Wenn es V gelingt, seine Integrität zu bewahren und trotz der überwältigenden Überlegenheit der Konzerne zu überleben, unterstreicht dies die Widerstandsfähigkeit des Menschen angesichts der technologischen Entmenschlichung.
2. Eskapismus als psychologische „Heilung”
Im Alltag fühlen wir uns angesichts globaler Entwicklungen und aktueller Mehrfachkrisen oft machtlos. Ein Videospiel, das nach mehr als 100 Stunden nur Tod oder Identitätsverlust bietet, spiegelt diese Ohnmacht wider, anstatt ein Gefühl der Heilung zu vermitteln.
Ein positives Ende kann als emotionaler „Zufluchtsort” dienen. Es ermöglicht den Spielern, Hoffnung zu erfahren und diese positive Energie in ihren Alltag mitzunehmen, wenn auch unbewusst. Hier ist Eskapismus keine Flucht aus der Realität, sondern eher eine Möglichkeit, neue Energie für sie zu tanken.
3. Narrative Belohnung:
In Night City kann man zur Legende werden. Normalerweise muss man dafür sterben. Wenn das Spielsystem jedoch jeden Versuch eines Happy Ends blockiert, wird den Spielern die ultimative Belohnung für ihre spielerische Exzellenz vorenthalten.
Ein positives Ende muss nicht einfach sein. Es könnte an extrem schwierige Bedingungen geknüpft sein, wie z. B. bestimmte moralische Entscheidungen zu treffen. Dies würde ein positives Ende zu einer Trophäe machen, die den Wert der Hoffnung durch Anstrengung hervorhebt.
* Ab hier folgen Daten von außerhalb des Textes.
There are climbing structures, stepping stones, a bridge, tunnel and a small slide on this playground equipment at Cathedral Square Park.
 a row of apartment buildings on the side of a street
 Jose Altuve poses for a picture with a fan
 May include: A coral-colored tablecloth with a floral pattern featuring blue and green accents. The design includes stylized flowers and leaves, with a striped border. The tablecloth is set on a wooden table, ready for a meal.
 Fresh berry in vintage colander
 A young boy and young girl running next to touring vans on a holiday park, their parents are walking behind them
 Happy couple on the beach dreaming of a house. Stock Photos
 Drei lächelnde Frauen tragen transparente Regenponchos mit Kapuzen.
4. Ein (sehr) kleines Stück Post-Cyberpunk -> „Hope-Punk”.
Eine Interpretation des Genres legt nahe, dass es innerhalb korrupter Systeme Nischen des Glücks und der Hoffnung geben kann, ohne den dystopischen Ansatz vollständig zu verwerfen. Ganz im Gegenteil, es geht um Verstärkung durch Kontraste.
Egal, wie oft ich das Spiel durchspiele, am Ende entscheide ich mich immer für die Aldecaldos, weil sie mir genau diese Hoffnung geben und ich sie mit meinen eigenen Ideen füllen kann. Ich fände es eigentlich cool, wenn dieser Ansatz wieder aufgegriffen würde, um die Spieler nach dem großartigen Phantom Liberty mit einem zusätzlichen positiven Ende für V zu belohnen, die sich gegen alle Widrigkeiten und Gefahren durchgesetzt hat. Gezeichnet, erschöpft, aber am Leben.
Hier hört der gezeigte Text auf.